From Huffington Post: http://www.huffingtonpost.com/klaus-schwab/end-of-capitalism----_b_1423311.html
This year's World Economic Forum in Davos saw intense debate about the future of capitalism. Many participants were asking whether capitalism, with all of its excesses, still has a place in today's world. The media, meanwhile, speculated that if even managers and bankers were raising doubts about the system's future, then perhaps capitalism had already been laid to rest in Davos.
The reports about capitalism's imminent demise may be somewhat exaggerated, as the ideology of a free but socially committed and fairly regulated market economy was never questioned in Davos. However, there was some discussion as to whether capitalism in its present form serves or undermines the free market economy.
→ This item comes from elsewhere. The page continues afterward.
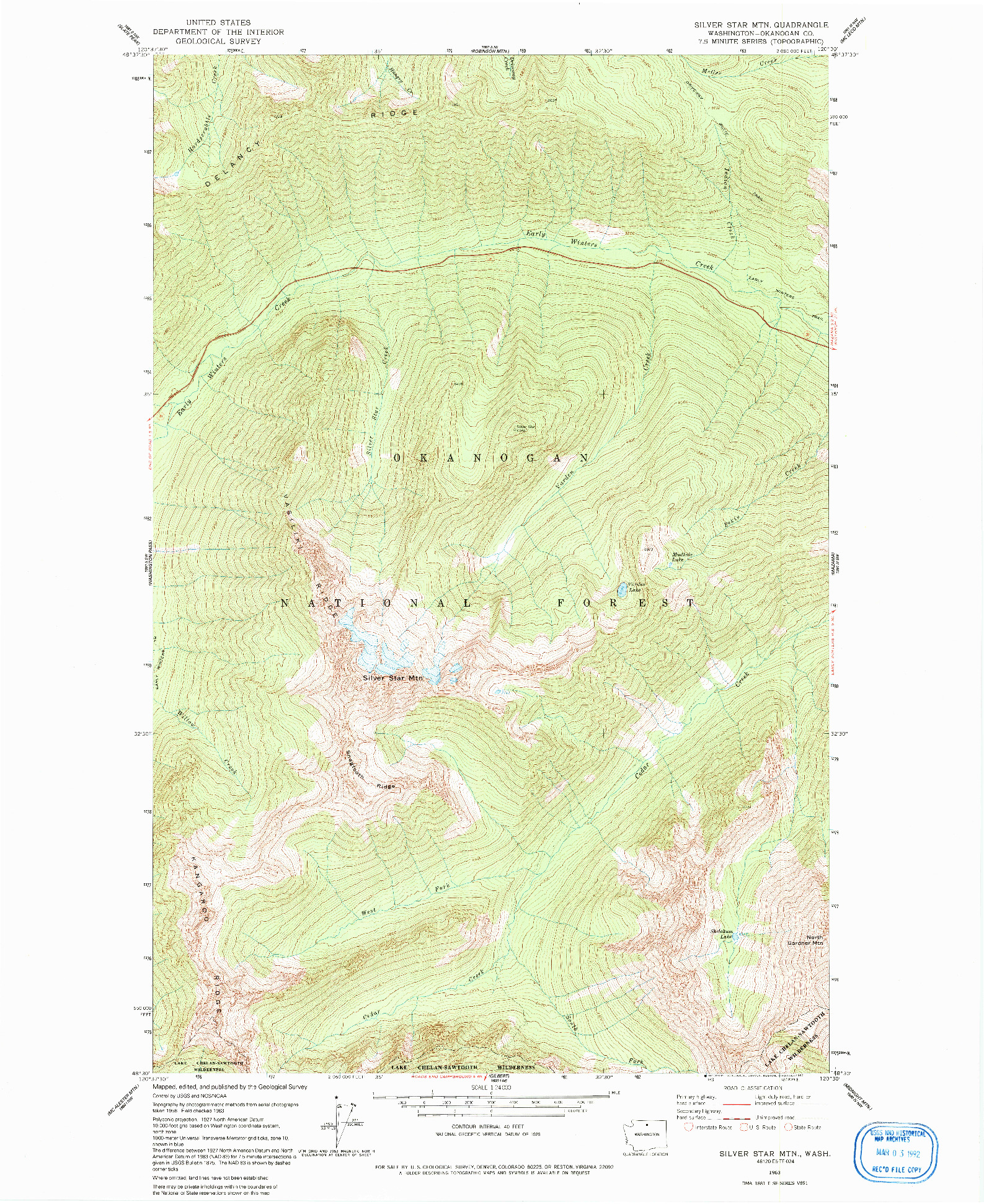 USGS 1:24000-SCALE QUADRANGLE FOR SILVER STAR MOUNTAIN, WA 1963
A clear distinction needs to be made in this regard between the ideology of a social market economy based on individual responsibility on the one hand, and the term capitalism as such on the other. Over the course of the past 200 years a range of different interpretations of capitalism have emerged as a reaction to industrialization. In historical terms, the transition from manual trades to machines required an ever increasing degree of investment, and therefore the provision of capital. In this sense, capitalism is not an ideology as such, but an applied theory of the creation and efficient deployment of capital as a factor of production. In its genuine sense, capitalism is therefore the component of an economic system that relates to the capital market, enshrined in the principles of a free market and guaranteed ownership. However, these principles are part of a more comprehensive ideology.
Unfortunately, in today's parlance this free market ideology has been equated with "capitalism" as a technical component. As a result, it is easy to gain the impression that the free market economic system founded on individual freedom and, at the same time, social responsibility, is to blame for the excesses of a capitalism that has lost its equilibrium. This is clearly incorrect. The subject of intense debate in Davos was not, therefore, the end of capitalism as an ideology, but the issue of how capitalism's technical components -- which have come off the rails -- can be reformed.
One of the criticisms of capitalism centers on the widening gap between winners and losers due to the so-called turbocapitalism that is a result of global competition. In this context, the so-called Nordic model demonstrates that a high degree of labor market flexibility and social welfare systems do not have to be mutually exclusive -- indeed, they can actually be combined to very good effect. This type of economic policy also enables countries to invest in innovation, childcare, education and training. The Scandinavian countries, which underwent a similar banking crisis in the 1990s to that which we are now experiencing in other Western economies, have shown that by reforming regulation and social welfare systems, flexible labor and capital markets really are compatible with social responsibility. So it is no coincidence that these countries are now among the most competitive economies in the world.